§ **Supplied entries**:
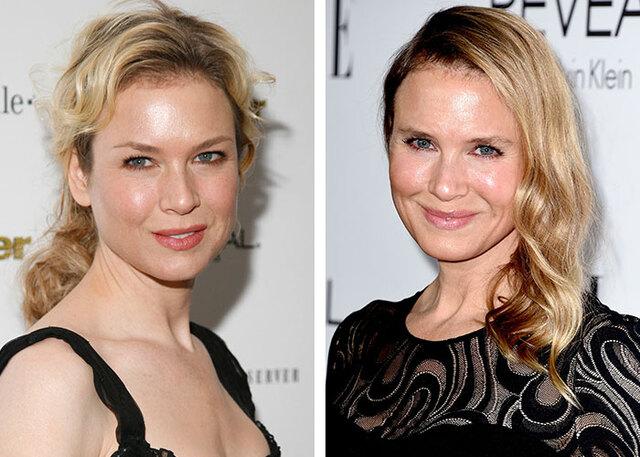 Renée Zellweger dismissed surgery rumors by crediting her "unrecognizable" look to a healthier, happier lifestyle.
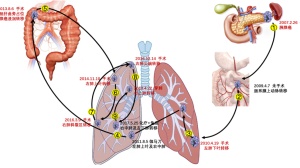 罹患“癌王”，多次复发、6次手术，80岁老人带瘤生存10余年，瑞金医院张俊团队揭秘生存密码！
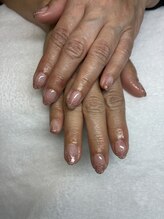 オランダエステティック(Holland Esthetics)/グラデーション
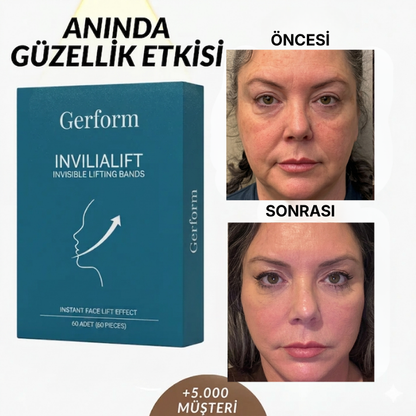 Doğal Botoks Etkili Şeffaf Bant(40 adet)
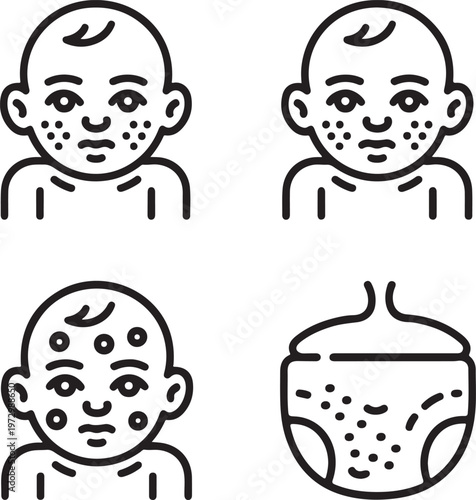 Four outline icons depicting various stages of skin rash on a babys face and also diaper irritation
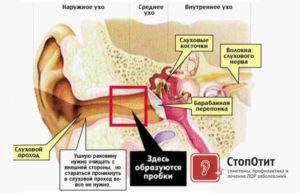 Из уха идет воздух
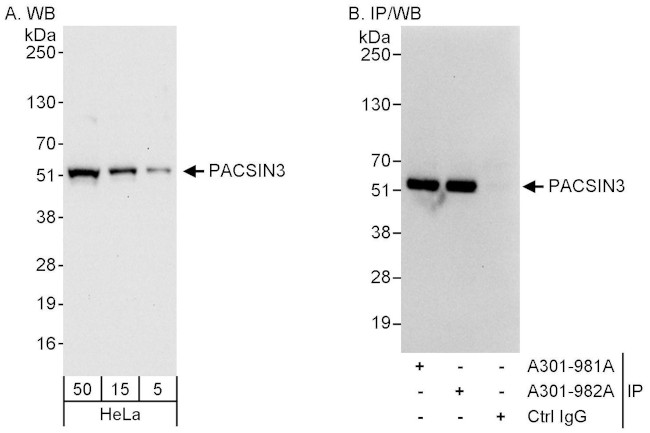 PACSIN3 Antibody in Western Blot (WB)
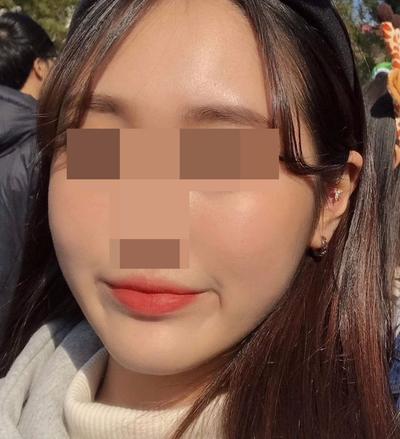 9주차 후기, 볼 붓기 빠지면서 라인 살아나는 중이에요 사진 2 — 아바성형외과 기타 후기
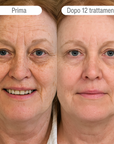 Sistema ad infusione Microneedling Anti-age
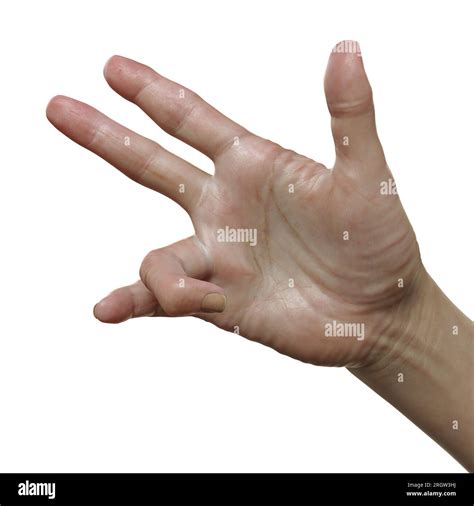 Dupuytrens Contracture Illustration Stock Photo Alamy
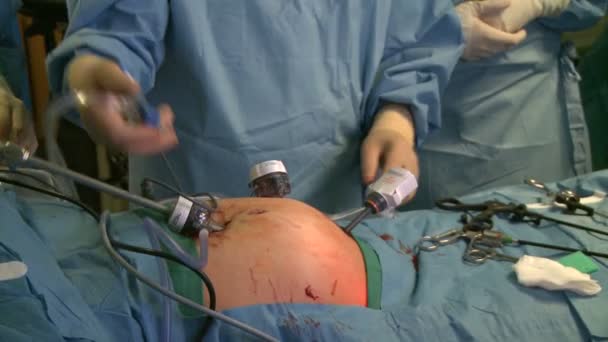 Руки хирургов во время лапароскопической операции — стоковое видео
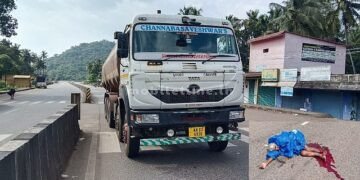 A lorry wheel that has been mounted on both legs!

§ **Activity**: Leaving out the pictures, output each line above exactly as it is.

§ **Output below**:
 Renée Zellweger dismissed surgery rumors by crediting her "unrecognizable" look to a healthier, happier lifestyle.
 罹患“癌王”，多次复发、6次手术，80岁老人带瘤生存10余年，瑞金医院张俊团队揭秘生存密码！
 オランダエステティック(Holland Esthetics)/グラデーション
 Doğal Botoks Etkili Şeffaf Bant(40 adet)
 Four outline icons depicting various stages of skin rash on a babys face and also diaper irritation
 Из уха идет воздух
 PACSIN3 Antibody in Western Blot (WB)
 9주차 후기, 볼 붓기 빠지면서 라인 살아나는 중이에요 사진 2 — 아바성형외과 기타 후기
 Sistema ad infusione Microneedling Anti-age
 Dupuytrens Contracture Illustration Stock Photo Alamy
 Руки хирургов во время лапароскопической операции — стоковое видео
 A lorry wheel that has been mounted on both legs!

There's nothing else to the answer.